What is expected:
Using the data below, print exactly the line with "Nico71 Ws6900ts Western", the line with "AUREL Trio Ring - Silver", and every line between them, but none of the pictures.

Data for the task:
● ● ● ● ● ● ●

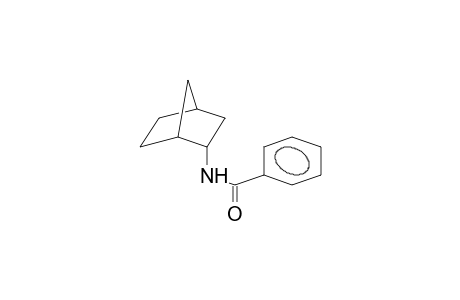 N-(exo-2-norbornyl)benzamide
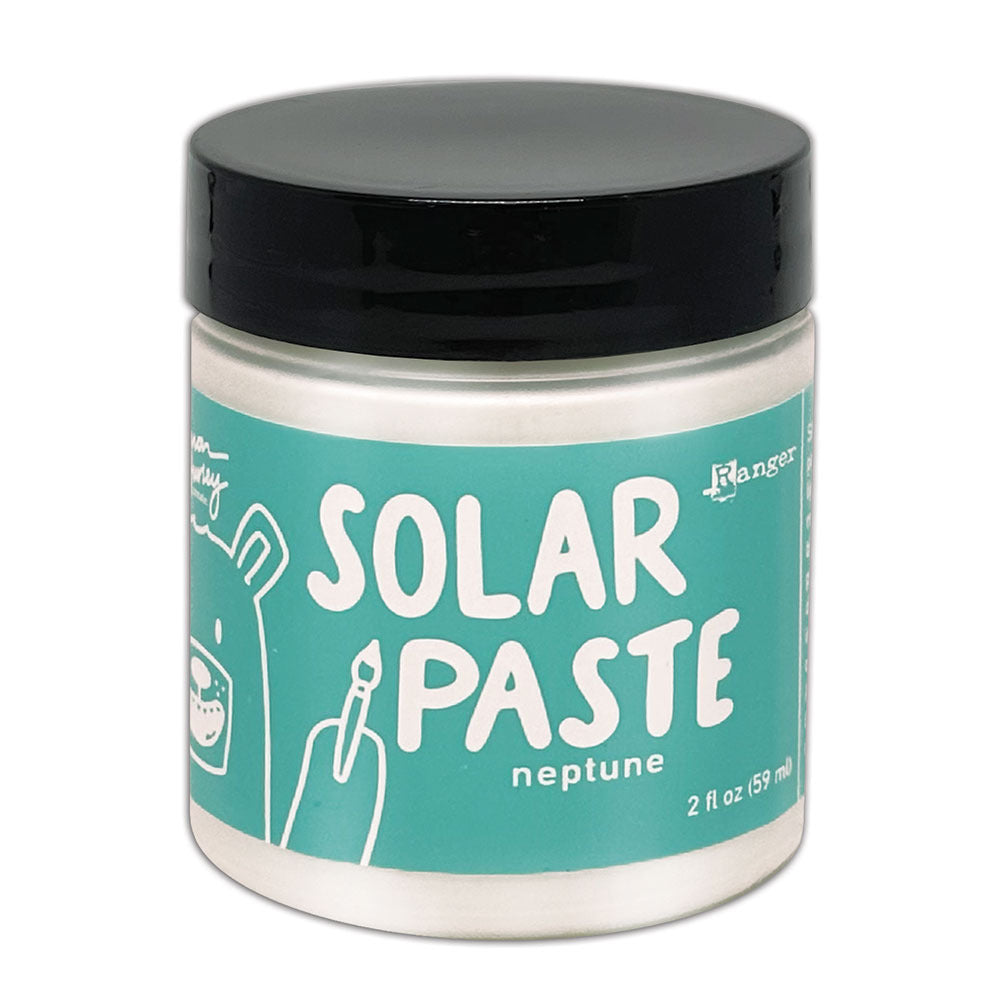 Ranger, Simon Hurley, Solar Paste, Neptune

● ● ● ● ● ● ●

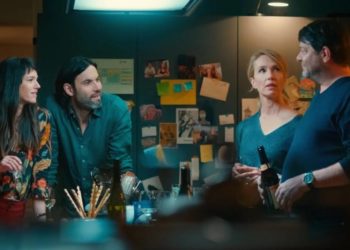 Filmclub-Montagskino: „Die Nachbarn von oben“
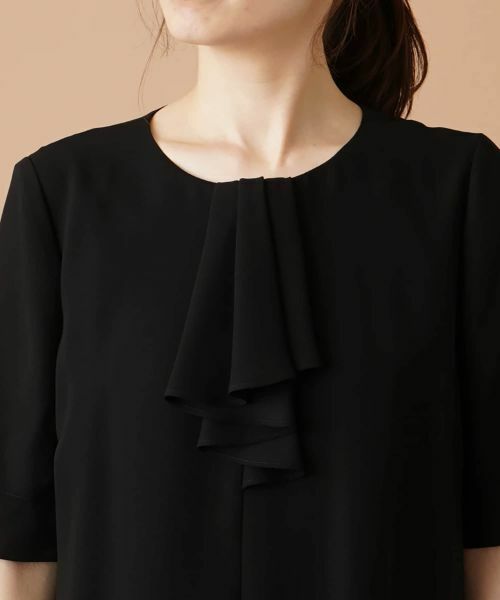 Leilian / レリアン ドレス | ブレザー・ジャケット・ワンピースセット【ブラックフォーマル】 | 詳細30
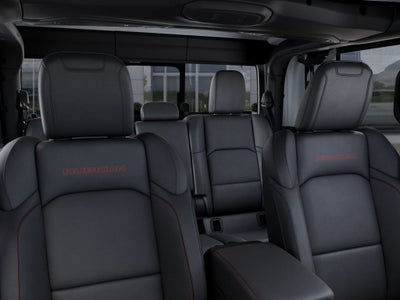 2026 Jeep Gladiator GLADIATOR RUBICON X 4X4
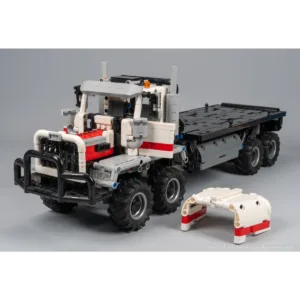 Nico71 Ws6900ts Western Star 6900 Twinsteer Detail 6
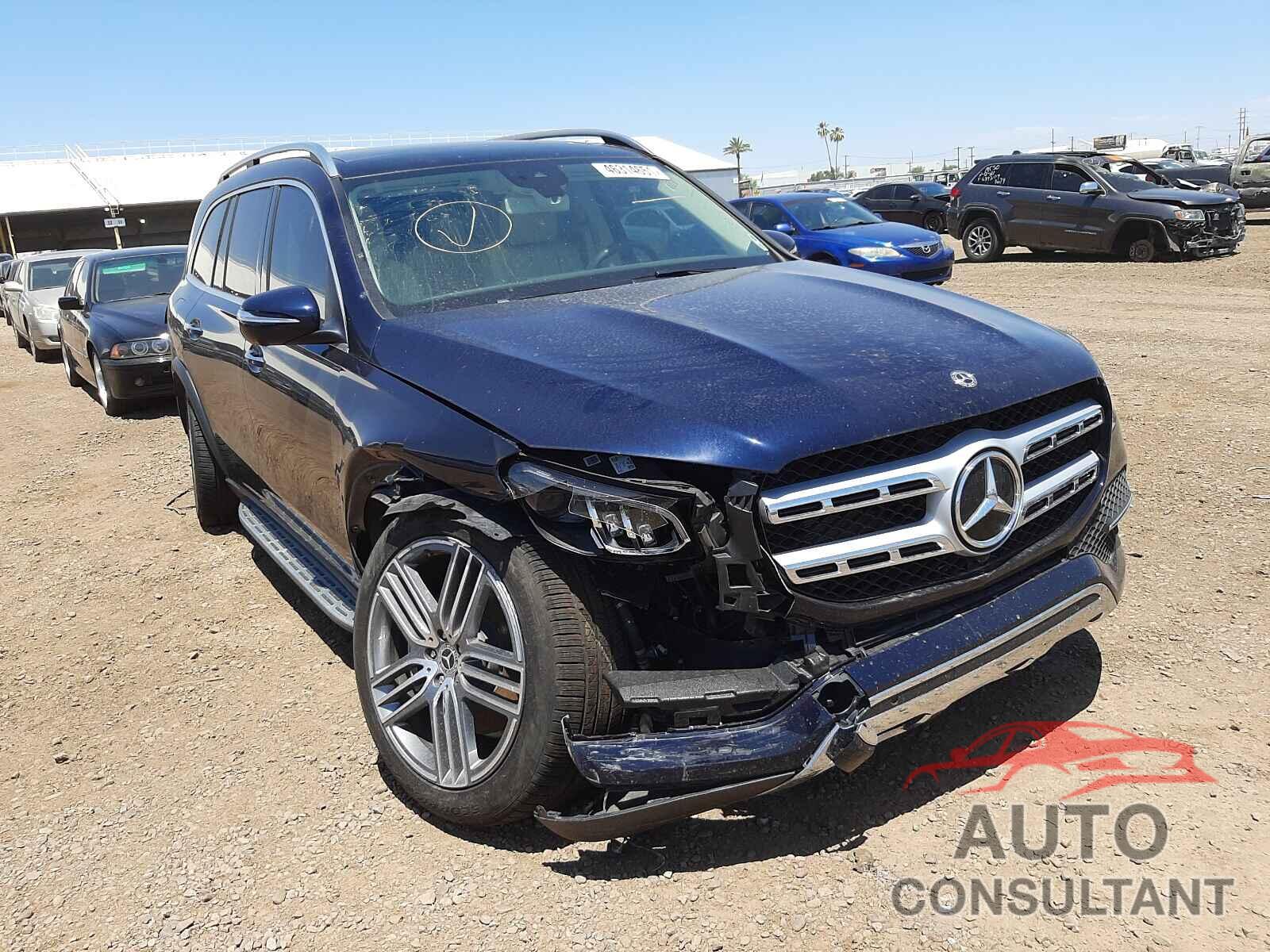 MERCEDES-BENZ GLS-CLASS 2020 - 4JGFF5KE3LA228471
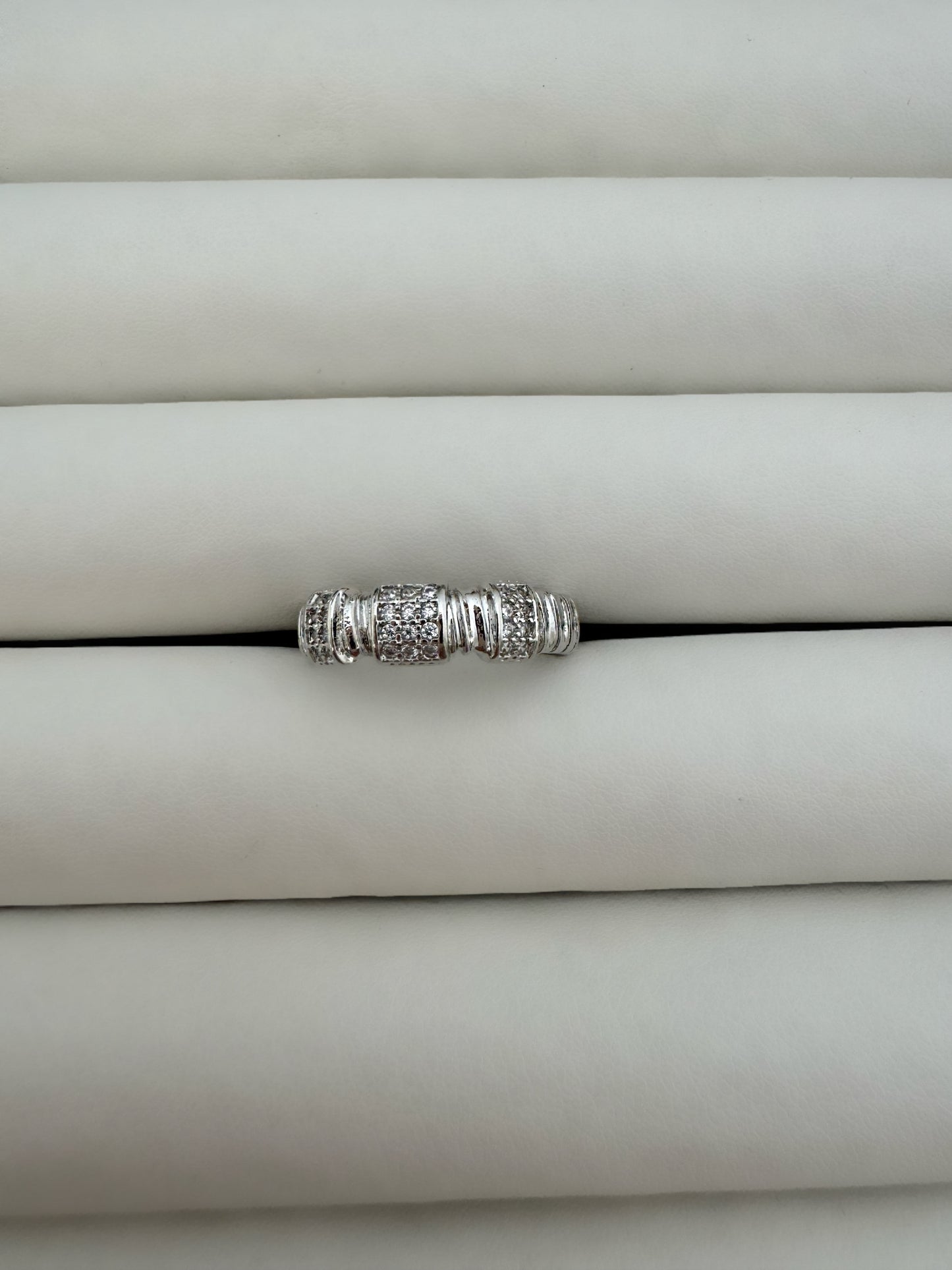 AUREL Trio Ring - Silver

● ● ● ● ● ● ●

Reply:
 Nico71 Ws6900ts Western Star 6900 Twinsteer Detail 6
 MERCEDES-BENZ GLS-CLASS 2020 - 4JGFF5KE3LA228471
 AUREL Trio Ring - Silver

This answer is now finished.